白髪の王子様の好奇心 36 傘美人

傘美人
4月も後半になるとちらほら日傘を見かけるようになった。
ところで、いつ頃から日傘は黒くなってしまったのでしょうか?
カラフルな日傘は我々男から見ると路傍に咲く花に出会ったようで、一瞬暑さを忘れさせてくれるすがすがしい光景なのです。
ところが今は猫も杓子も真っ黒黒助で、余計に暑苦しく感じてしまうのである。
見慣れない頃は近くで葬儀でもあったのかと勘違いしたものである。
傘の色によって紫外線を受ける割合が多少違うのかも知れないが、傘を通して受ける日光ぐらいはビタミンDとなって骨粗しょう症の予防にも成ると思うのだが親爺の余計なお世話なのだろうか。
少し前までは陽だまりの太陽に感謝していたくせに、ちょっと暑くなったら日差しを敵の様に睨みつけるなんて太陽に対して失礼である。近年猛暑が多くなったのは感謝を忘れた人間どもに対する太陽のお仕置きではないだろうか?
気が付けば、最近傘美人に出会う機会がめっきり減ったような気がする。
傘美人と言えば、白川郷の合掌造りのような三角形をした笠を被って踊る美人は笠美人である。
あのおけさ笠を被って踊る女性はみんな美人に見えてしまうのは私だけだろうか?
笠の中から『チラッ』と見える面影は期待を込めた願望もあってかみんな美人に見えるのである。

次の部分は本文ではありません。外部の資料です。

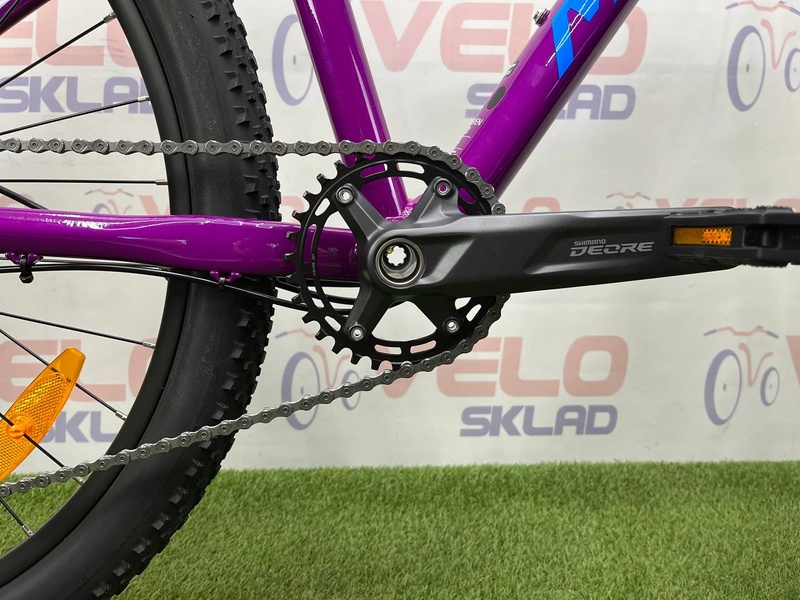 фото Велосипед гірський 27.5" Merida BIG.SEVEN 200 (2023) purple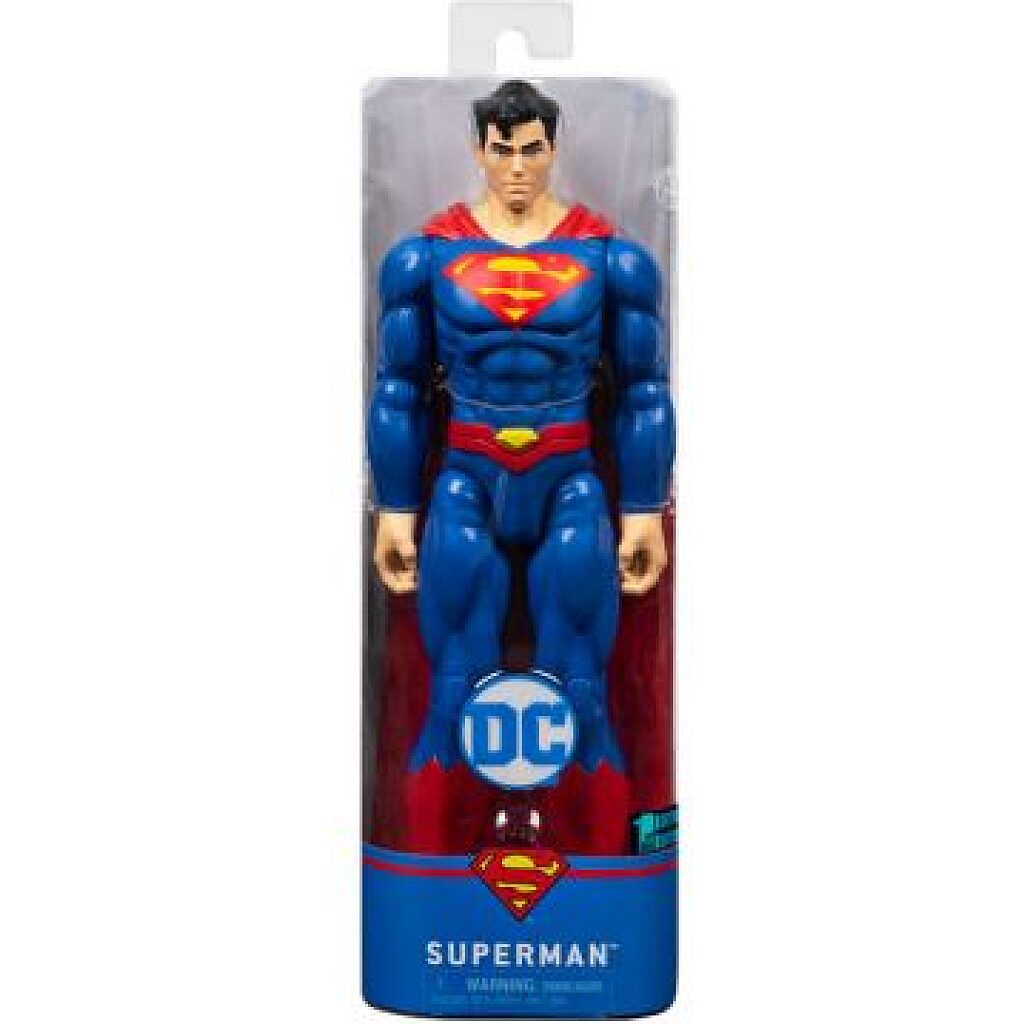 DC Heroes: Superman figura - 1. kép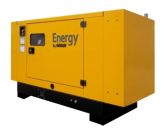 Дизельный генератор GESAN DLBS 9E MF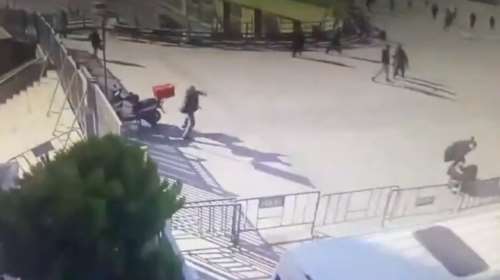 Τουρκία: Ένοπλη επίθεση στο Δικαστικό Μέγαρο της Κωνσταντινούπολης - Νεκροί οι δύο δράστες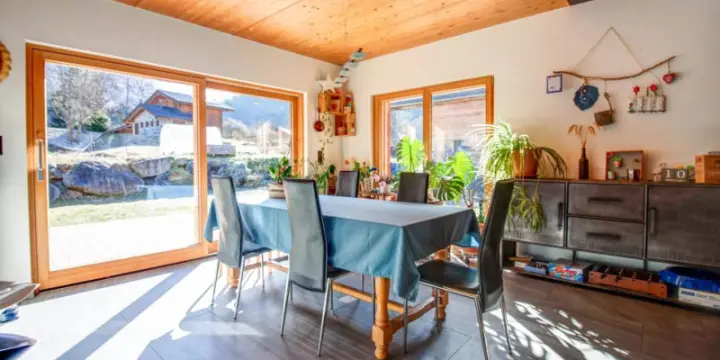Villa individuelle avec vue panoramique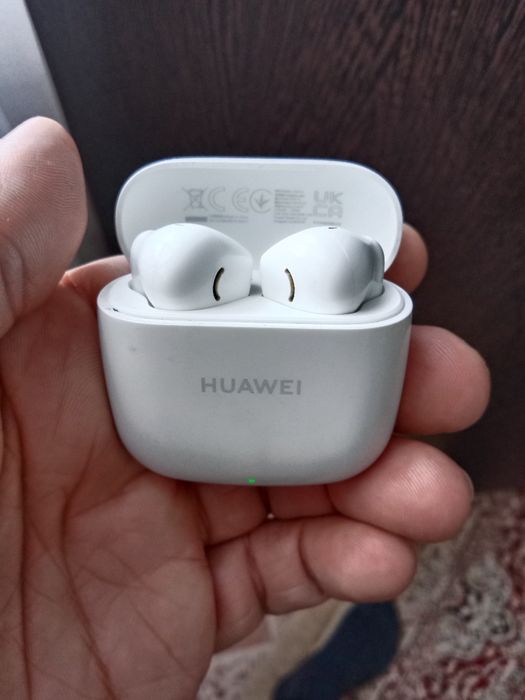 Наушники Huawei идеал сост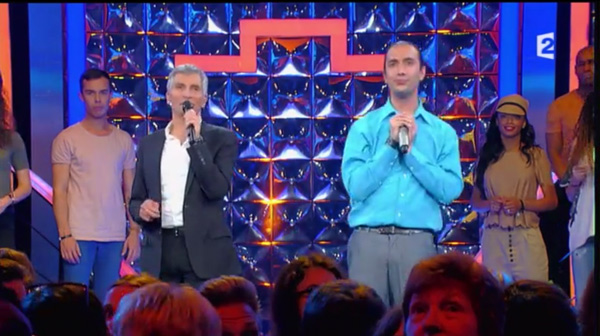 Hervé plein de talent chez Nagui : il mérite son succès ! #NOPLP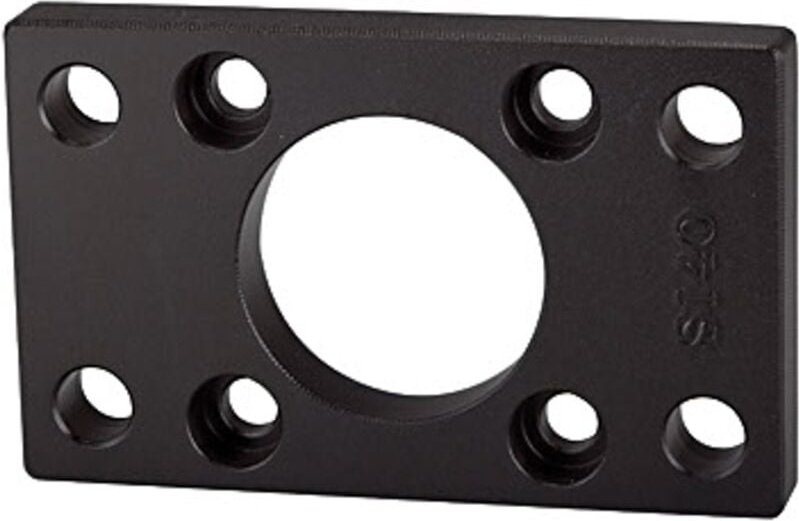 Riegler - Flanschbefestigung, Typ »fa« für Normzylinder, für Kolben-Ø 100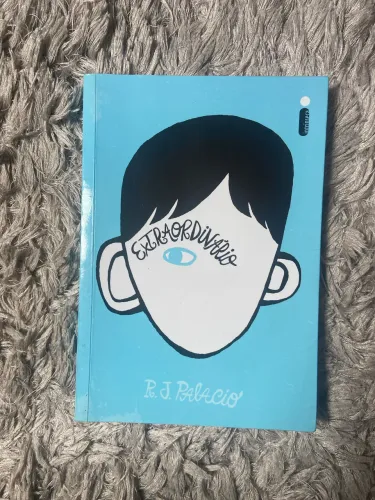 Livro Extraordinário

何事もこの『チラッ』がいいのだと私は思います。『ガバッ』はいけません。
『いない いない バ〜〜』と子供をあやすおばちゃまも注意した方がいい。子供は無邪気に笑ってくれるが、親は皺の寄った手と手の間から不気味で巨大な顔がガバッと現われる度に子供の顔に影響するのではないかとひやひやしているのである。
何事もガバッはいけません。
男は日傘をさす者は殆んどいない。その理由は、けっこう笠は邪魔になるのである。他にカバンや荷物を持っていると両手がふさがってしまうし、特に雨上がりの傘程邪魔な物はない。
傘の忘れ物が多いのもそんな理由だと思う。
これも傘に対して大変失礼な話である。近年ゲリラ豪雨が多いのは雨や傘に対する感謝の気持ちを忘れた人間に対してのお仕置きではないだろうか?
最近は男も美肌を守るためにエステとやらに通う時代である。やがては男がカラフルな日傘をさしてしゃなりしゃなりと歩くかも知れない。そんな姿は『いないいないバ〜』をするおばちゃまの顔と同じくらいに見たくない光景である。
流行は繰り返すと言われています。男に奪われる前に早くカラフルな日傘に戻ってほしい。きっと以前とは違う進化した傘美人が見られると思うのです。
その時が来たら、もう一度言いますが、見る方も見せる方も『チラッ』が肝要ですよ、何事も『ガバッ』はいけません、『ガバッ』は。